Since 1996, the Office for Harmonisation in the Internal Market (OHIM) has processed more than 1.3 million Community trade mark applications in 23 EU languages, from nearly every country and region in the world.
Twenty years on a new regulation and a new directive are coming into force to reform the EU-wide trade mark system and the national trade mark systems of individual member states
What do you need to know and how will the changes impact on your business?
Trade Mark Regulation – comes into force on 23 March 2016
What’s in a name?
OHIM will change its name to the European Union Intellectual Property Office (EU IPO) and Community trade marks (CTM) will now be known as European Union trade marks (EUTM).
The basic fee for a CTM under the old regime was €900 to file a trade mark application in up to 3 classes. From March it will cost €850 to file in 1 class and €1,050 to file in 3 classes.
The rationale behind this is to discourage parties from filing unnecessarily in multiple classes. It is believed that the old fee structure encouraged an attitude of “as I’m paying for 3 classes, I may as well as well file in all 3”.
The revised fees will also apply when renewing trade marks.
Some applicants used to file applications covering all goods or services included within a particular class of the Nice classification (the international system for describing goods/services for trade mark purposes). From March this will no longer be possible and instead more thought will be needed when preparing the trade mark specification – to ensure that the application is sufficiently clear and precise. If it is not, the trade mark protection will be limited to the goods or services covered by the literal meaning of the heading for that class (i.e. just a few words).
If you have a trade mark which was registered before 22 June 2012 you should review the specification as you may need to take advantage of the 6 month grace period (until 23 September 2016) during which specifications can be amended so that they are not bound by this rule.
Trade Mark Directive – not yet in force
The UK will need to enact national legislation before the directive comes into force but it is worth mentioning a few of the changes which are in the pipeline:
Definition of trade mark
The definition of a trade mark is to be expanded.
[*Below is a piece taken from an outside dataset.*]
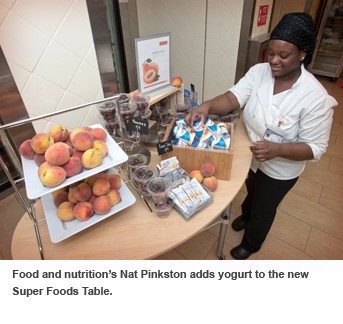 Nat Pinkston adds yogurt to the new superfoods table.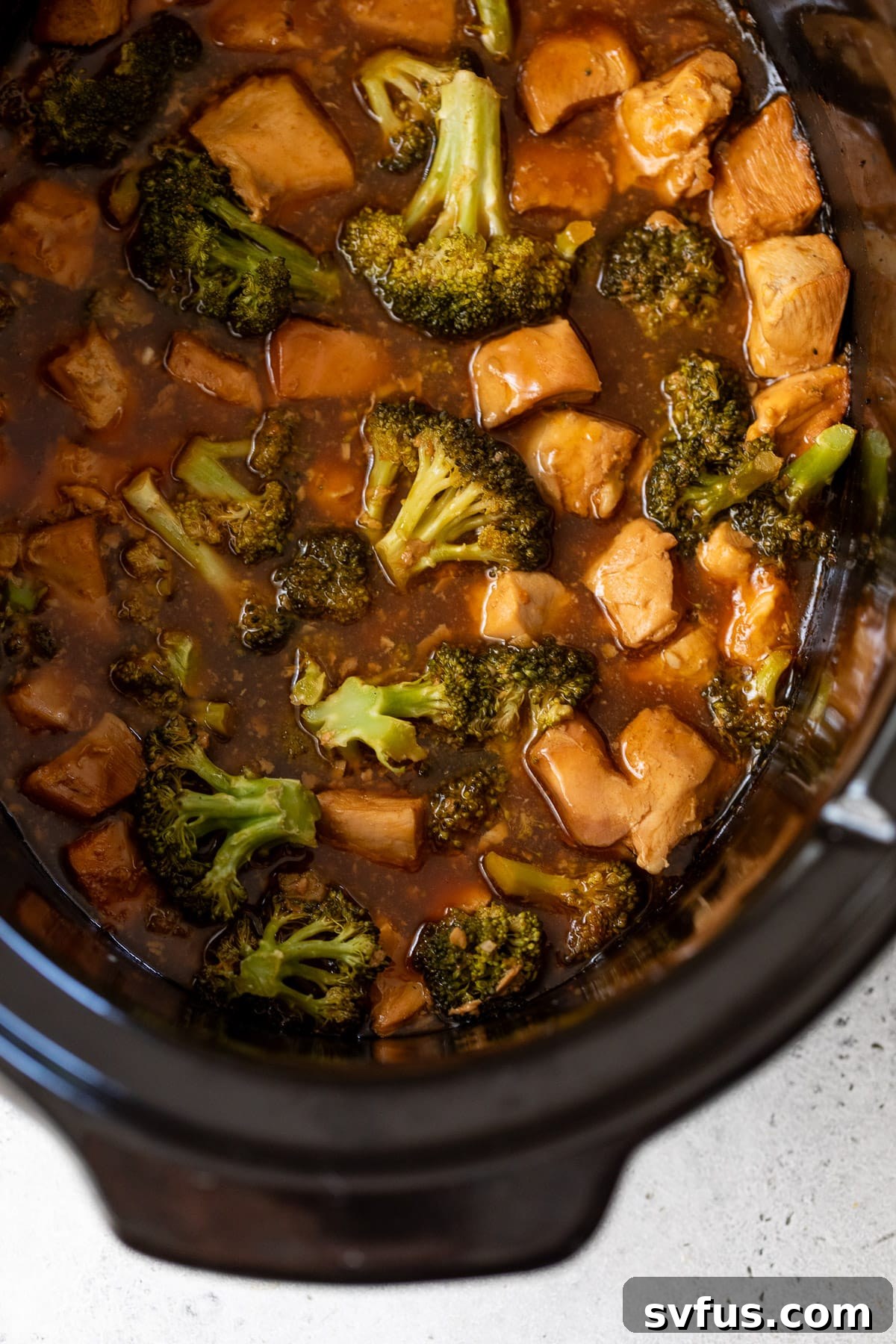 Close-up of cooked broccoli florets and chicken pieces in thick orange sauce in a slow cooker, ready to be served.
Previously a trade mark had to be “capable of being represented graphically” – but in future it will be possible to register sounds and colours as trade marks.
However this won’t be possible where such a trade mark consists exclusively of a characteristic which results from the nature of the goods or is necessary to obtain a technical result or gives substantial value to the goods. For example a smell might not be registrable for a perfume.
The new rules will mean that even if counterfeit goods are not intended for consumers in the EU and are simply in transit through the EU, they will be treated as infringing and can be seized by customs.
Using packaging, tags, labels, etc bearing a third party mark could in future constitute infringement.
The own-name defence will only be available for individuals, therefore a company cannot rely on the fact that it is using its own name as a defence to a claim of trade mark infringement.
Licensees will be able to sue for trade mark infringement of national marks subject to the trade mark owner’s consent. If the trade mark owner does not act, an exclusive licensee can do so.